James Daly truly enjoyed Godspell, a show like no other.

godspell magdalene musical Musical review Tab tab theatre Theatre

This year’s Magdalene musical, Godspell by Stephen Schwartz, is a show like no other and it certainly knows it, taking the audience from profound moral teachings to ‘I am the Messiah’ sung to the tune of Adele.

Using parables from the Bible as its inspiration, the show is a series of interactions with Jesus through which the characters learn the moral lessons of Christianity, interspersed with modern music varying in genre from rock to jazz to traditional musical theatre.
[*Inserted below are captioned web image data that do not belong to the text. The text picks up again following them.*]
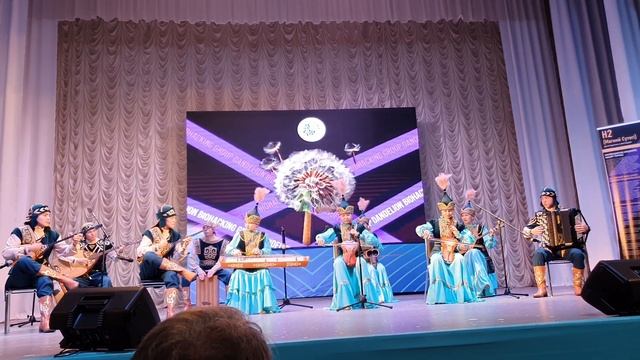 Детский домашний ансамбль из 27 детей, которых воспитывает семейная пара из Актобе 16.12.2023г. смотреть онлайн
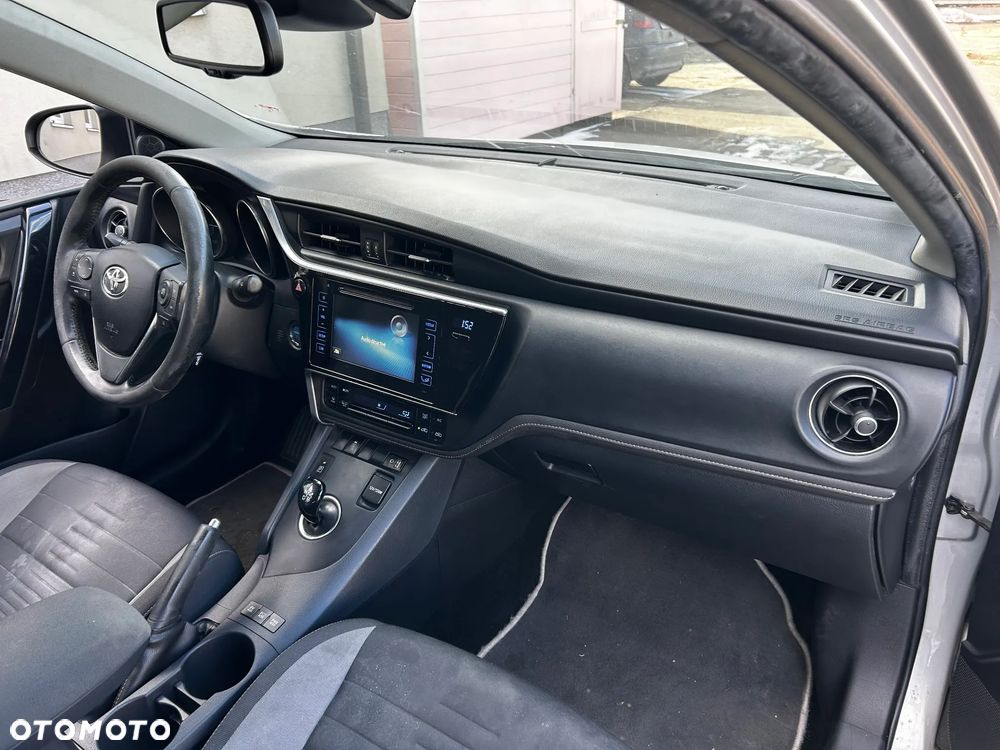 Toyota Auris - 17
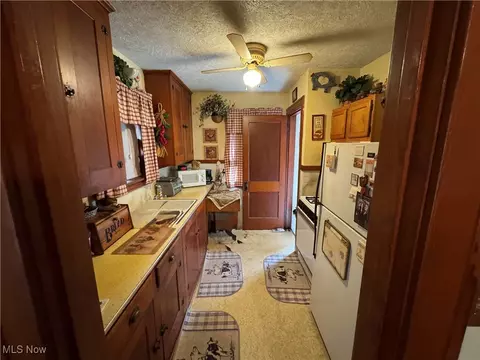 1420 Michigan Ave, Ashtabula, OH 44004 photo 7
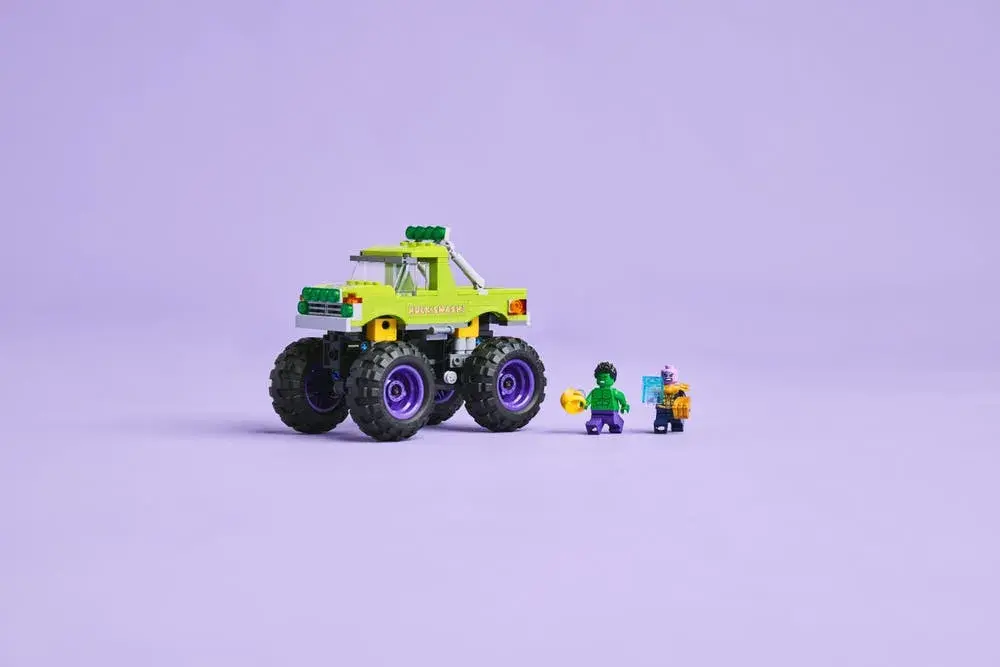 LEGO Marvel 76312 The Hulk Truck vs. Thanos details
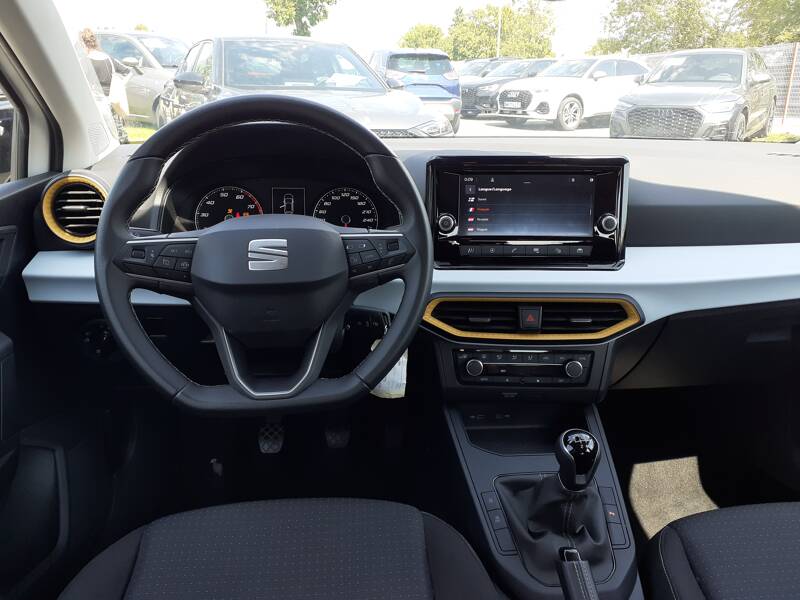 Photo de la voiture SEAT IBIZA 1.0 EcoTSI 110 ch S/S BVM6 Style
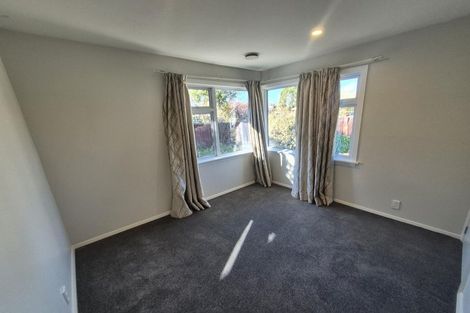 Photo of property in 8 Prisk Place, Hillsborough, Christchurch, 8022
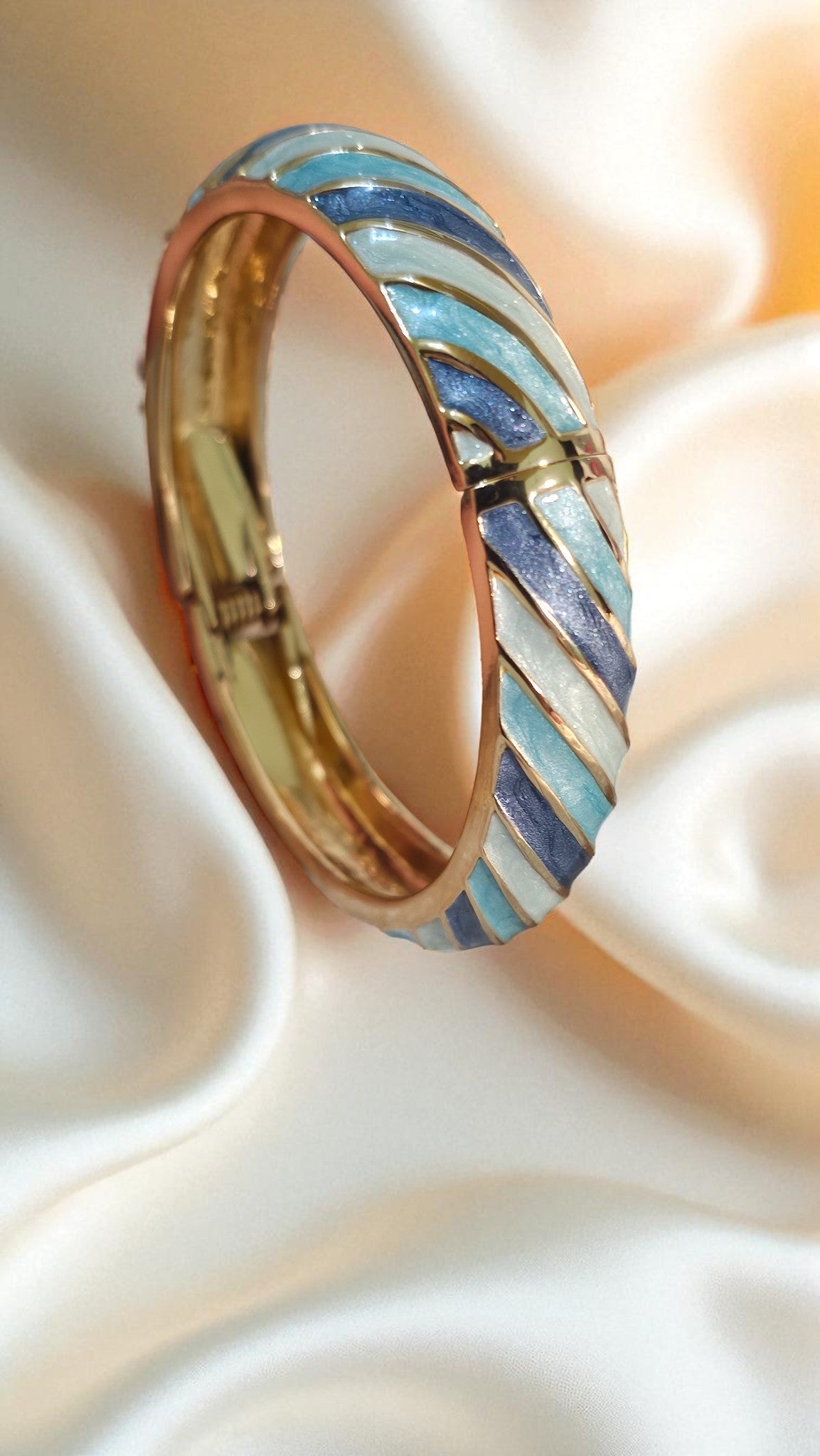 Ocean Wave Enamel Bangle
Photo Credit: Caitlin McCartney

Photo Credit: Caitlin McCartney

Benedict Welch carries the production as Jesus, commanding the ensemble and creating a calm, refreshing atmosphere on stage as a contrast to the other characters’ exuberant, wacky performances. Welch is one of many extremely talented performers this show has to offer, alongside standout vocalists Heather Conder, Pamela MacDuff and Martha Cook, whose hilarious ad libs throughout were also highlights.
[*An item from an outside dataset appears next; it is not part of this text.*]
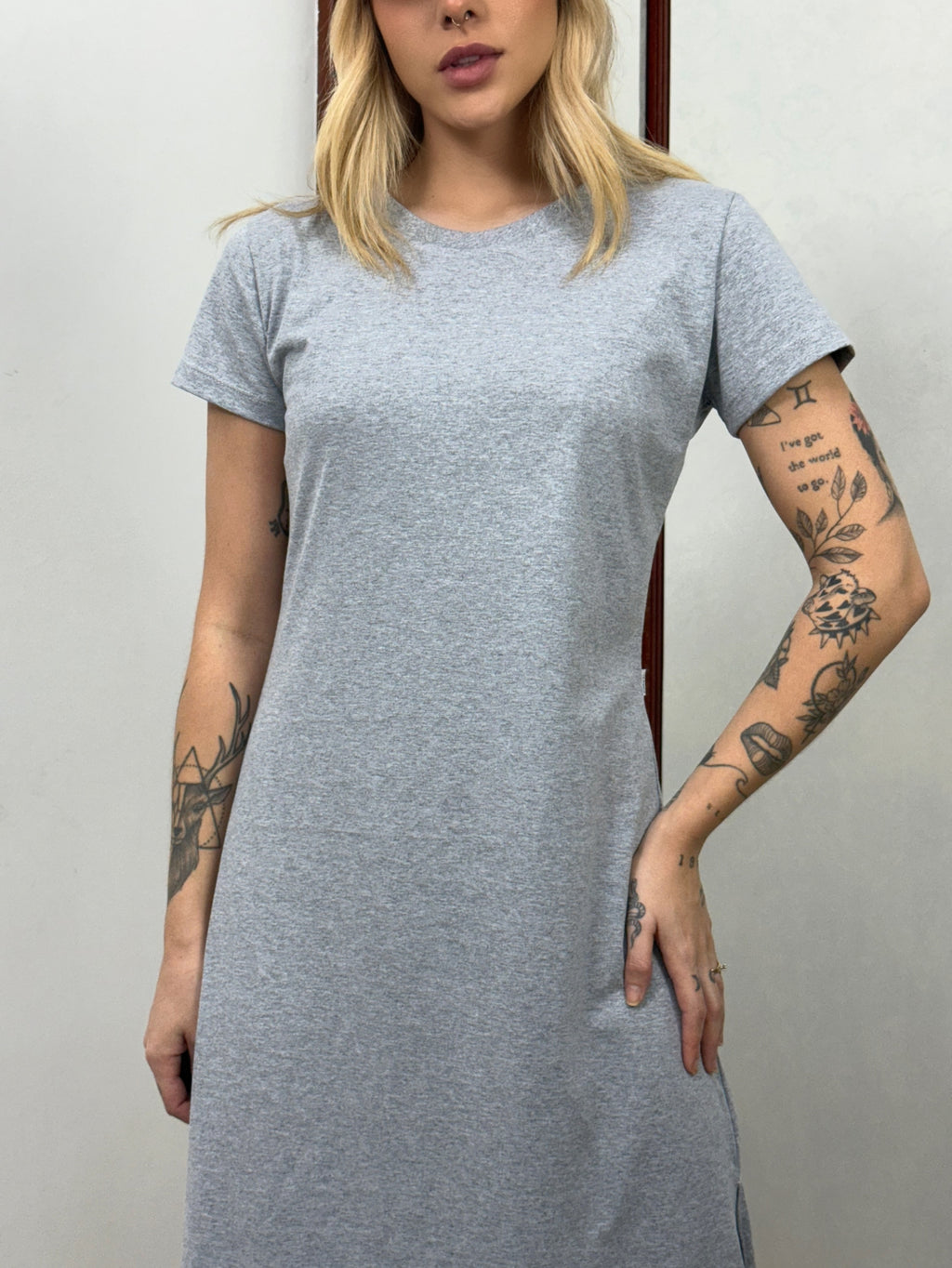 Vestido Midi Camiseta Com Fenda Aveloz Cinza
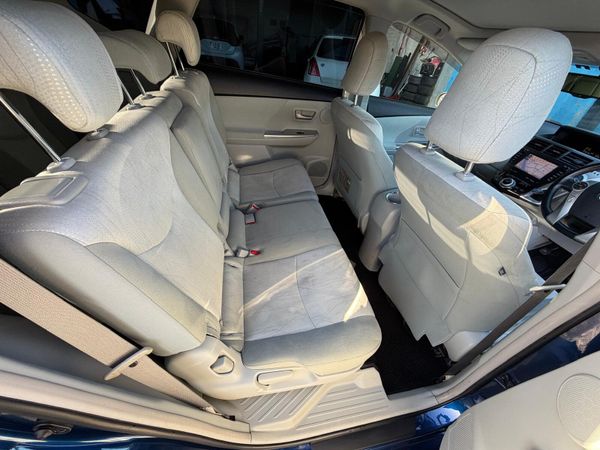2012 Toyota Prius Hybrid Auto / 7 seater 373988452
Photo Credit: Caitlin McCartney

Photo Credit: Caitlin McCartney

The ensemble-driven nature of this show makes it difficult to pick favourite moments but particular mentions must go to Kate Stevenson for her wonderfully sultry and beautifully sung rendition of ‘Turn Back, O Man’, and Fopé Jegede whose outstanding performance of ‘By My Side’ – featuring vocals from Katie McCoshan, Elaine Duncan and Laura Pujos – was the most moving, memorable moment of the show.

Under the direction of Will Popplewell, every cast member is able to shine, and in very well executed dance numbers, with effective, uplifting choreography by Maddie Wong and Megan Thorpe, the stage comes alive with energy and it is impossible not to smile, seeing a stage full of actors clearly having the time of their lives, despite the audience often having very little idea what is happening plot-wise.

Photo Credit: Caitlin McCartney

The lack of any cohesive narrative structure and frequent technical problems with the microphones are the only flaws of this production and undoubtedly the technical issues will improve as the run goes on. As for the plot, the key is to stop trying to understand why everyone is singing, dancing and pretending to be seeds and just enjoy the fabulous performances.

If you can stop taking yourself seriously enough to stop and enjoy the roses, Godspell will be a real treat.